Macros parsing in Cristal

This post is more of an announcement than a proposal, to explain the choices we are making for the macros parsing system in Cristal.

Currently, Markdown is parsed through Unified and Remark, the latter using Micromark under the hood. We provide the textual input, and get a fully type-safe AST, which we then recursively iterate over to generate a Universal AST which can be used with any supported editor, any design system, and any framework.

The problem we currently have is how Remark handles parsing nested elements. When we iterate over AST nodes, we find text nodes and search for the {{macro /}} syntax in it. This works fine, except for some very important cases: if the macro syntax contains any Markdown-specific symbol in it, it throws off the parser.

As an example, the following content:

{{macro attr="value_a_b" /}}

Will fail because Remark will first parse _a_ as italic text, and then {{macro attr=”value and b/}} as surrounding text nodes. Result: we get three text nodes instead of one, and in some scenarios this becomes way too complex to handle.

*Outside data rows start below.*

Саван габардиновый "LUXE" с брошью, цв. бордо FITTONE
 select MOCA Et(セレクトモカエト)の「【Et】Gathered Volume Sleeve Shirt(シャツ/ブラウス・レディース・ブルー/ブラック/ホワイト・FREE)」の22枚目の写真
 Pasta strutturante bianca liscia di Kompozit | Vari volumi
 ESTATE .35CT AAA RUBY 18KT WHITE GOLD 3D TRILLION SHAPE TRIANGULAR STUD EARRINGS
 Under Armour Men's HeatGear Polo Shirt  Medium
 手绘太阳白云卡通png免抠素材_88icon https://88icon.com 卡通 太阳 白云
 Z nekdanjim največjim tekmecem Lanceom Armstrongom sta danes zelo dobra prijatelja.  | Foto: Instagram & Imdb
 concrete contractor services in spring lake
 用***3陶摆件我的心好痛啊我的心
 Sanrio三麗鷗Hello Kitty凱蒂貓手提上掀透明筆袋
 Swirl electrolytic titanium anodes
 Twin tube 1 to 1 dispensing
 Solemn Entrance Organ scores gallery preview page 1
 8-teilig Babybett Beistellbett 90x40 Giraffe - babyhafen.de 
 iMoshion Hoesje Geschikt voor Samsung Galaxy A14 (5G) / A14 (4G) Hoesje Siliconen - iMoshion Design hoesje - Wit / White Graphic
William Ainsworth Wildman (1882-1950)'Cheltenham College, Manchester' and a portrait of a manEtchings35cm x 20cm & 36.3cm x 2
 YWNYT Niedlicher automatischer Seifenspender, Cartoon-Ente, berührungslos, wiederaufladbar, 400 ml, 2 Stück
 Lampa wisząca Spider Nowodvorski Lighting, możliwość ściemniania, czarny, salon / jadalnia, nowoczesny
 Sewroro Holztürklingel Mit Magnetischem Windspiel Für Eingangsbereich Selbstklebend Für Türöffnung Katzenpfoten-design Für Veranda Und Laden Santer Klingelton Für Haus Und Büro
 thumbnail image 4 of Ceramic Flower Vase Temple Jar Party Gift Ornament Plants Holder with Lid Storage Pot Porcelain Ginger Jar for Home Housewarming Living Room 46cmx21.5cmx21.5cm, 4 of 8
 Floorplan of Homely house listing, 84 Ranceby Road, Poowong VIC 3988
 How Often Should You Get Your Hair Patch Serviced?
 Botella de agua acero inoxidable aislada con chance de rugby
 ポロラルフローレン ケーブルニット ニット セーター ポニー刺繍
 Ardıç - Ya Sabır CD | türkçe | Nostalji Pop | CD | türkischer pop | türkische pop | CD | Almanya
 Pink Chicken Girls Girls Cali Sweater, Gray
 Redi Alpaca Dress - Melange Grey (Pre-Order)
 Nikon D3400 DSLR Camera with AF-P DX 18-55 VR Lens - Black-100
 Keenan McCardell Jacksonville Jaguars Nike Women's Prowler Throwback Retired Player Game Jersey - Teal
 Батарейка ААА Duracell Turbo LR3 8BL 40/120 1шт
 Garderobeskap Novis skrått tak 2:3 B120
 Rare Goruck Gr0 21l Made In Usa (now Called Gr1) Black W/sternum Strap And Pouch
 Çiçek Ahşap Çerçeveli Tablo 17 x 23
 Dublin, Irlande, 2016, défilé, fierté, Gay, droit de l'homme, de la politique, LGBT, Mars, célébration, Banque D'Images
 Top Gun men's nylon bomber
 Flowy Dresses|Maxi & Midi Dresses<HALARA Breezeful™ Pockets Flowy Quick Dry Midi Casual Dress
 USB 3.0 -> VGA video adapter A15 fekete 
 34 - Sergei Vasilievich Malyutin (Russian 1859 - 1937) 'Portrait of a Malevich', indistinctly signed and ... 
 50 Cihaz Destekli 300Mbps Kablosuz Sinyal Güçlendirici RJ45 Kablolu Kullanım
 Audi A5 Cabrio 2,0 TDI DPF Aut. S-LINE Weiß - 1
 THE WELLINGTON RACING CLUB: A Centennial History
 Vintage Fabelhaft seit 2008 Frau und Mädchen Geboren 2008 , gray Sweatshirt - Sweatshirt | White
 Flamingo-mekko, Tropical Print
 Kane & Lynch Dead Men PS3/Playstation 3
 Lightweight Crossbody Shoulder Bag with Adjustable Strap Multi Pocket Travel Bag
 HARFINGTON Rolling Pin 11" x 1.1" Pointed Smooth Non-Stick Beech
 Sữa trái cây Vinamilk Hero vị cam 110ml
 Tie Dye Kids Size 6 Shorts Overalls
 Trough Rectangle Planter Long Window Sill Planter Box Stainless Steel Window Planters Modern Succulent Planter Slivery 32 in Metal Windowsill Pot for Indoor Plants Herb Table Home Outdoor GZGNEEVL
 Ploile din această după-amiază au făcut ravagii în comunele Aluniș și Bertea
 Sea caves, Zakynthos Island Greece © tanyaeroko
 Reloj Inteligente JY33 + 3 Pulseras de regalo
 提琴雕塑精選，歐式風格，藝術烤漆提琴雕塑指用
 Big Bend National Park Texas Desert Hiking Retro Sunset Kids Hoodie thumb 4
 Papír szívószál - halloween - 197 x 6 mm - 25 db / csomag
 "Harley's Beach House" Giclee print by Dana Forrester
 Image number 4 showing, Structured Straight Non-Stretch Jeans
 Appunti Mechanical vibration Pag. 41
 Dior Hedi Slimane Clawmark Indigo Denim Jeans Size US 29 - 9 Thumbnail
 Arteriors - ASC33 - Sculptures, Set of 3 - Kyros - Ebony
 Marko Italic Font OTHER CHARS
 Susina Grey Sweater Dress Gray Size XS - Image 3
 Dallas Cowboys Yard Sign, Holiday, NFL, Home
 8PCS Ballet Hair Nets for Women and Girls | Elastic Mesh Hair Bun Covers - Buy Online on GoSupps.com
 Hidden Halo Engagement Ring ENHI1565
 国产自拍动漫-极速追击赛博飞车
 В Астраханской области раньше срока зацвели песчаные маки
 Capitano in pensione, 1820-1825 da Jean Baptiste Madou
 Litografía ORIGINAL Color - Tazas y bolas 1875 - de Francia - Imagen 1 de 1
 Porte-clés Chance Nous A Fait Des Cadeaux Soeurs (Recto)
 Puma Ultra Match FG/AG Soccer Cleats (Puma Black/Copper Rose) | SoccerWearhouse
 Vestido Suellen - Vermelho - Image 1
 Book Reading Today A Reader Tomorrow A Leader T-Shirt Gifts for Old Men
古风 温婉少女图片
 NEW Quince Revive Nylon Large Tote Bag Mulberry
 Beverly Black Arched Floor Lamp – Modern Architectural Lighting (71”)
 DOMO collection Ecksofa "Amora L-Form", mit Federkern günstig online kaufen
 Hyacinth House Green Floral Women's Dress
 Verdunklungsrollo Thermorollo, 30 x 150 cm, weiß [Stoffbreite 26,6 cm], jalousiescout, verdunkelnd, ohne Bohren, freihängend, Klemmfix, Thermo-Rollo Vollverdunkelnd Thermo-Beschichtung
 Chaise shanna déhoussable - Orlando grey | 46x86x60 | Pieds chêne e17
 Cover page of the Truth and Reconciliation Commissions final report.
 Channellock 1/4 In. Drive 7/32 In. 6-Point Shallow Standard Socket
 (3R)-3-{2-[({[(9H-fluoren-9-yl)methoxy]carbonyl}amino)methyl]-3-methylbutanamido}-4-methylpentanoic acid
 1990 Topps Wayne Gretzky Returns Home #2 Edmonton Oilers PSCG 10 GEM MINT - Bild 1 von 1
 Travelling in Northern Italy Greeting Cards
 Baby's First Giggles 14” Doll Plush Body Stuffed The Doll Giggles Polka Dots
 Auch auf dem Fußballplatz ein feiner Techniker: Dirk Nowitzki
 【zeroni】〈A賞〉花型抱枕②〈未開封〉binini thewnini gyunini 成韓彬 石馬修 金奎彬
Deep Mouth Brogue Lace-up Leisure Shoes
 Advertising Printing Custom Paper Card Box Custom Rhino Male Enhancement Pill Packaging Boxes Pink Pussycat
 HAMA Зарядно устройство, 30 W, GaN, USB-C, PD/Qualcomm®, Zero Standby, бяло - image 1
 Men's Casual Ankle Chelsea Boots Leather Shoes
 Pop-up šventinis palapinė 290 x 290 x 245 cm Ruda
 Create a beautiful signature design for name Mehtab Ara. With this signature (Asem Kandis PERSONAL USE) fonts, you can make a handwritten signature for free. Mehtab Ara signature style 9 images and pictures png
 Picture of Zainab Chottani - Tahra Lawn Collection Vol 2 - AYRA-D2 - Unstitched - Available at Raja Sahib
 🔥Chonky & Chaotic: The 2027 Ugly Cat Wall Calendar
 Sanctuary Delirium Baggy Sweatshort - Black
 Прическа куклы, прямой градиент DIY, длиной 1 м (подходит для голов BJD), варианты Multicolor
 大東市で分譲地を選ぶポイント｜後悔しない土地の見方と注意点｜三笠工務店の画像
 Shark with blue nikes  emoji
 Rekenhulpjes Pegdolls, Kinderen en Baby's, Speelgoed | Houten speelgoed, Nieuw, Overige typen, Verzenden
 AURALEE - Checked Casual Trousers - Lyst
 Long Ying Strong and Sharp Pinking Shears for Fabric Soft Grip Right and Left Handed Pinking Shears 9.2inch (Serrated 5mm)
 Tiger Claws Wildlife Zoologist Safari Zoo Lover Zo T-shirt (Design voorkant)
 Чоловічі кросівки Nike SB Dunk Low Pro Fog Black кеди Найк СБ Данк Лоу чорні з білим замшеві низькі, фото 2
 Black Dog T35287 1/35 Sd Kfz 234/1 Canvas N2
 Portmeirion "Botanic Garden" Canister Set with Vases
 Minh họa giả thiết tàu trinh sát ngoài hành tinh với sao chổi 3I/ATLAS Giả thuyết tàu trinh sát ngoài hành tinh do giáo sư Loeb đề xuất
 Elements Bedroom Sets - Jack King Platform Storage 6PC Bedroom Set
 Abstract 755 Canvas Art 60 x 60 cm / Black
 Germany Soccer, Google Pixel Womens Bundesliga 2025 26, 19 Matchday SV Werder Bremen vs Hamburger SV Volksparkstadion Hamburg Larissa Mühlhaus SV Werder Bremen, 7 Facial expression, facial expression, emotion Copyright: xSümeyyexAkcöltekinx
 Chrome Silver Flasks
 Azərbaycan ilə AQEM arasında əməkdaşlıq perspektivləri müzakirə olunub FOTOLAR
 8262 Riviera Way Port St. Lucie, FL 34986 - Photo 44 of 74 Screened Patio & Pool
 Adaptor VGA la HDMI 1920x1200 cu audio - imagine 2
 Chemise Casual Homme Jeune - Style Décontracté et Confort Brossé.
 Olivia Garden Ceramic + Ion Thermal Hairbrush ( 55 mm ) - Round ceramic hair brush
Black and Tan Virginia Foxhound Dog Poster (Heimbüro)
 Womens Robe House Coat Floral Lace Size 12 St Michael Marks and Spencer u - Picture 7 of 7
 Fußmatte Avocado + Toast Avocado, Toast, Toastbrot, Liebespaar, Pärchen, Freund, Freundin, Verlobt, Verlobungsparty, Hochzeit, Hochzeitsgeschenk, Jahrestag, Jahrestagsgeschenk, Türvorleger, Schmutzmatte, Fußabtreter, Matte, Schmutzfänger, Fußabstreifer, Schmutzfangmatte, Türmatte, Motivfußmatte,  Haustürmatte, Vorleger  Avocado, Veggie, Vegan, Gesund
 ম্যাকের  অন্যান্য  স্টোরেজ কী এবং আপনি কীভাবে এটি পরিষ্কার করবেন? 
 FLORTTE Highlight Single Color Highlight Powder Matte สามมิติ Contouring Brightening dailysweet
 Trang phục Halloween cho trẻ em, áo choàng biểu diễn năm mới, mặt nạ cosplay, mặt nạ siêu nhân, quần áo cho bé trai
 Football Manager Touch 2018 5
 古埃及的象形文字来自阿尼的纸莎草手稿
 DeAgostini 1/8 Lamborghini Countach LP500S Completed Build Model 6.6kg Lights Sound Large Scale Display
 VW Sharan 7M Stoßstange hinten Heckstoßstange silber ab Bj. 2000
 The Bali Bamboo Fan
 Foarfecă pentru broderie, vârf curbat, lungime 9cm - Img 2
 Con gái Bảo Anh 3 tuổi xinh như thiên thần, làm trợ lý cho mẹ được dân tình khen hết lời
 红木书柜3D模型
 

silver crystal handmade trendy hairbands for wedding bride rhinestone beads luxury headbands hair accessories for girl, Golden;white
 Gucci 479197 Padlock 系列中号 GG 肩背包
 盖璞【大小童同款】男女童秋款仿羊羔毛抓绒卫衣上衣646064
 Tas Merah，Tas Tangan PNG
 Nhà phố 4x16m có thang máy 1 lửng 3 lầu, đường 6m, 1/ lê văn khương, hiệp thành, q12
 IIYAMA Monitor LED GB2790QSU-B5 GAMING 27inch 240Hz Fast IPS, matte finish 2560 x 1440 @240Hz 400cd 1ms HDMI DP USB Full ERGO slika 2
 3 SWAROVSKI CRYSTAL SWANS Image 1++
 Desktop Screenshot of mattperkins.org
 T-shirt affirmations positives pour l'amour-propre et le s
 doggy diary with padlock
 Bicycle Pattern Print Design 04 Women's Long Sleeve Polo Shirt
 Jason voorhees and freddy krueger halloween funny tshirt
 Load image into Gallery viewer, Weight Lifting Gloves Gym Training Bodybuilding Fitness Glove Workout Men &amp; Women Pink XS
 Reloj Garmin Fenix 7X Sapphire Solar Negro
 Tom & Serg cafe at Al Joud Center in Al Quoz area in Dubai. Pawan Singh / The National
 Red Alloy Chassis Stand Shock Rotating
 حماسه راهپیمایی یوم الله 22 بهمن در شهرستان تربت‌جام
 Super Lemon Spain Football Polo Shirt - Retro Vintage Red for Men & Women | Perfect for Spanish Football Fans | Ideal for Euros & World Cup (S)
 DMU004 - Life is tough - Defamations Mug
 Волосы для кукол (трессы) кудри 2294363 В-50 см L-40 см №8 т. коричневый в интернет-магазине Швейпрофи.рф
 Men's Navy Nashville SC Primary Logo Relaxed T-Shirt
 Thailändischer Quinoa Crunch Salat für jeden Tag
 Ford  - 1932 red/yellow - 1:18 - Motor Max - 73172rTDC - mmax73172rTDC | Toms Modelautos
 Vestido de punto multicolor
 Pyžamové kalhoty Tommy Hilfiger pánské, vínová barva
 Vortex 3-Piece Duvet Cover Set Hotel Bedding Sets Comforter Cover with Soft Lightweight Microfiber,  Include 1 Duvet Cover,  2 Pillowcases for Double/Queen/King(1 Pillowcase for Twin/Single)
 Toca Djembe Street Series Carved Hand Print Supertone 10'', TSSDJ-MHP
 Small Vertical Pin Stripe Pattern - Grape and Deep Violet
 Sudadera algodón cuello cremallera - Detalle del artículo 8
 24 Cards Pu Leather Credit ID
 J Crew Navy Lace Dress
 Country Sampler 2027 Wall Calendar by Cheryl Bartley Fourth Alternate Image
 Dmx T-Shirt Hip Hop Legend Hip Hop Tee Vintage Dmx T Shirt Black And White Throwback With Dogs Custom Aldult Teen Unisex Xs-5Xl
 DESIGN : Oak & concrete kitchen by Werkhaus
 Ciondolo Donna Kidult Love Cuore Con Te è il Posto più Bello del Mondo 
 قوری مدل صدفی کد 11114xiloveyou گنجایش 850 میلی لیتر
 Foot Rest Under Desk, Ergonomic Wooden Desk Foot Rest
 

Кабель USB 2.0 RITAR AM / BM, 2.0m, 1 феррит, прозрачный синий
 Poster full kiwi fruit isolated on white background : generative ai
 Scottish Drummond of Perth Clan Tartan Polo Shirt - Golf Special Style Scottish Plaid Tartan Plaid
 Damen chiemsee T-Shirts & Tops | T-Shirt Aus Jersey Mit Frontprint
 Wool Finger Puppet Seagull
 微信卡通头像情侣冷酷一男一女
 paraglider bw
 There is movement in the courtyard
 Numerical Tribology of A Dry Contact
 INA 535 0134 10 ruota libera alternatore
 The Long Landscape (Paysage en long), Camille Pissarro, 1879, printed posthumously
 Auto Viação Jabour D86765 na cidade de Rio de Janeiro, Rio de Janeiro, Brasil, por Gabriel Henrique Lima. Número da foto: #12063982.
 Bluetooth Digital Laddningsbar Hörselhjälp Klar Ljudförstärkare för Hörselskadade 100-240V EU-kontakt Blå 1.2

Also, the following content would also cause problems for the same reason:

{{macro}}
content_a_b
{{/macro}}

To avoid this problem, we first decided to go with a custom Remark plugin, which turned out to be much too complicated to do. Macros have a very complex syntax compared to basic Markdown elements, having the ability to set a list of attributes, each attribute having the possibility of using escaped character (e.g. attr=”Some \” value”), plus the two different syntaxes for self-closing macros ({{macro /}} and contentful macros ({{macro}}Content{{/macro}}).

For reference, the Remark plugin for parsing tables (which don’t even support nesting nor escaping), is about 1300 lines of code. For us, this would likely mean 1500+ lines to write a proper plugin, due to three things:

  • Remark is not just a parser, but a Markdown processor. Parsing custom content requires making both a tokenizer (Markdown to list of tokens), and a syntax tree producer (tokens list visitor to abstract syntax tree)
  • As stated above, macros have some pretty complicated syntax, supporting both escaping inside attributes and nesting inside their content
  • We need to parse macros syntax after code blocs (as a macro syntax inside a Markdown code block is not actually a macro), but before other elements such as bold and italic styling, lists, tables, and so on.

For those reasons, we decided to go with another approach, akin to a “hack”, but much more simple to implement:

  • When provided a Markdown content, the parser will iterate over it and find all the macro usages in it, ignoring code blocs.
  • All macros are parsed properly (returning appropriate errors if ill-formed), and turned to HTML comments with a prefix (e.g. <!– @cristalMacro: {...some object representing the parsed macro...} -->)
  • The content is then parsed normally through Remark
  • When visiting the AST, comments starting with the prefix (e.g. @cristalMacro) are decoded and injected into the final UniAst object

This may seem more tedious, but it’s actually much more simple to do. As a comparison, the current macros parsing system (which does not support content but does support attributes and escaping) is less than 150 lines of code. Adding nesting support + comments conversion would probably lead it to about 250~300 lines, which is much more compact. It would also be a lot easier to read and maintain, not using complex third-party APIs for parsing and processing.

This also ensures we’re decoupled from Remark, and if we ever need to switch parsers, we could properly re-use that part instead of rewriting everything from scratch. Performance-wise, this approach is probably even faster than Remark’s plugins, not having to perform lots of function calls.

So, after this long explanation, we’re going forward with the “hack” method to have the benefits of a lot easier and faster development, easier maintenance, and partial parser-agnosticity.